La deuxième intifada conduit dans un premier temps le gouvernement israélien à renforcer les dispositifs de contrôle tels que les barrages établis depuis 1993 pour réduire les passages entre les Territoires et Israël. En avril 2002, le Premier ministre Ariel Sharon décide de passer à la vitesse supérieure et entame la construction d’un mur en Cisjordanie au nom de la lutte contre le terrorisme. Le chapitre de la libre circulation se referme. Le discours officiel tend de plus en plus à ériger la minorité arabe – 20 % de la population – en ennemi de l’intérieur. Plusieurs tentatives visent à faire interdire les partis arabes représentés au Parlement. La crispation identitaire autour des Palestiniens d’Israël les renvoie au rang de « traîtres ». Des chiffres issus de différents sondages conduits dans les années 2000 en témoignent : 78 % des Juifs israéliens se disaient opposés à la présence de ministres arabes dans le gouvernement quand près de 42 % se prononçaient en faveur du retrait du droit de vote à l’ensemble des « Arabes israéliens ».

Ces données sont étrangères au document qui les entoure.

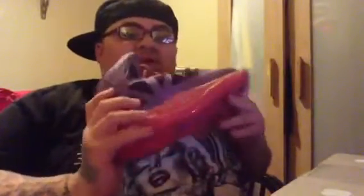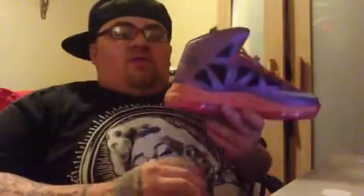...the LeBron 10 Area 72. This sneaker is crazy — if you don't own this sneaker or you passed on it, just give me that sneaker license right now, because this is one of my favorite LeBron 10s hands down, besides the Cutting Jade, but that's another story. So let's get into the review.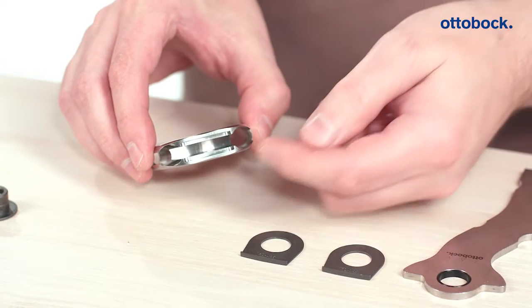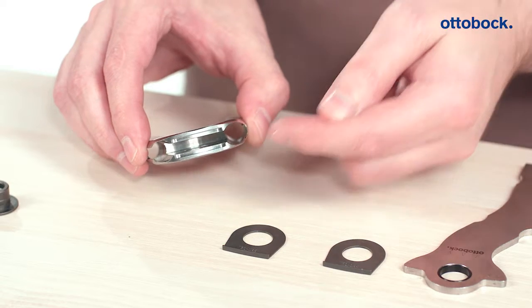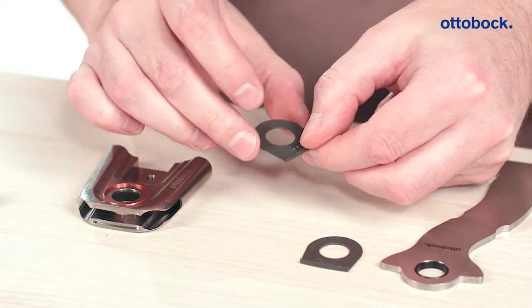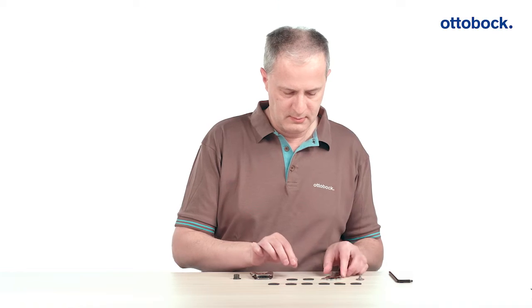Assembling the axial washers is very simple. A rectangular retainer is located on the interior and exterior of the bottom of the joint. The axial washers have a mechanical stop on their undersides. This fits perfectly into the retainer on the joint and ensures the optimum fit of the washer.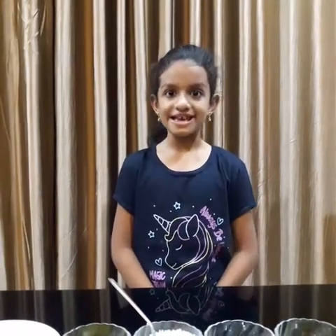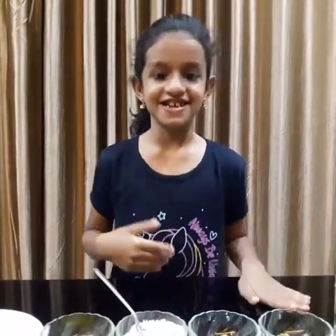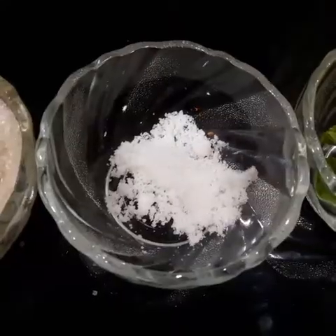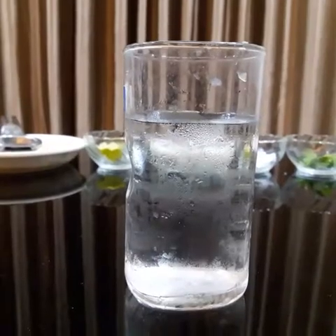Hello friends, today I am making a lemon juice. First I will introduce the ingredients: lemon, sugar, pinch of salt and pudina leaves, and one glass of water.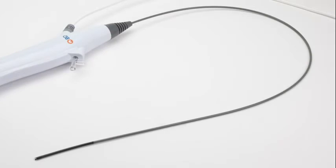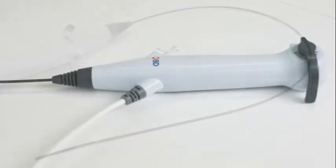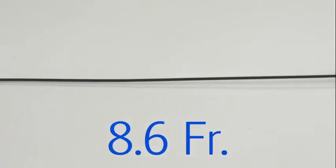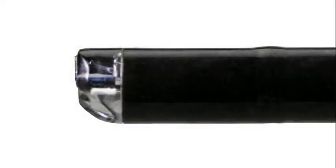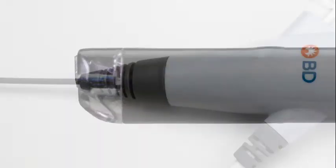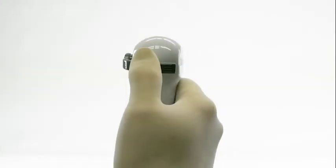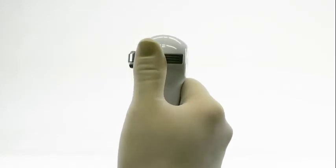The 3.6 French working channel enables the delivery of surgical devices and irrigation to the distal tip and surgical field. Starting from the handle and running up to the distal section, the insertion tube is 8.6 French. The distal section then widens to 9.5 French before narrowing to 7.4 French at the tip. The flexible insertion tube is connected to the handpiece, which includes the articulation lever that deflects the distal tip of the scope.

La première décennie du nouveau millénaire remet en question de manière radicale l’appartenance de cette minorité à la citoyenneté israélienne, avec des effets ravageurs sur le long terme. Les élections législatives de septembre 2019 marquent l’apogée de ce processus. Benjamin Netanyahu manipule la méfiance que suscite les « Arabes israéliens » comme un repoussoir tout au long de sa campagne, les accusant de « vouloir tous nous détruire – femmes, enfants et hommes ».
La décision prise par Ayman Odeh de recommander M. Gantz plutôt que de s’abstenir suite aux dernières élections israéliennes semble entériner la priorisation du combat pour l’égalité des droits en Israël plutôt que la résolution du conflit israélo-palestinien. « Les conditions posées par le chef de la liste arabe unifiée pour recommander M. Gantz étaient majoritairement liées à la question des droits civiques. Rien n’a été formulé par rapport à la Palestine, mis à part la reprise des pourparlers de paix, ce qui est très limité », estime Nadim Rouhana.
Malgré une rhétorique plus modérée que celle de son principal concurrent, M. Gantz n’est pas une colombe. Ancien chef d’état-major de l’armée israélienne, il s’était illustré en 2014 par sa direction des opérations militaires dans la bande de Gaza, qu’il voulait « renvoyer à l’âge de pierre ».
Malgré cela, M. Gantz se démarque de M. Netanyahu en évitant de faire de la minorité arabe un bouc émissaire. Cette posture contribue à le rendre moins hostile aux yeux de celle-ci.
« Les Palestiniens d’Israël forment une population d’un million et demi. Les classes moyennes veulent vivre leur vie et trouvent difficile de s’accorder sur une formule qui puisse leur permettre d’être à la fois des nationalistes palestiniens et de poursuivre la lutte pour l’égalité des droits en tant que citoyens israéliens », conclut M. Rouhana.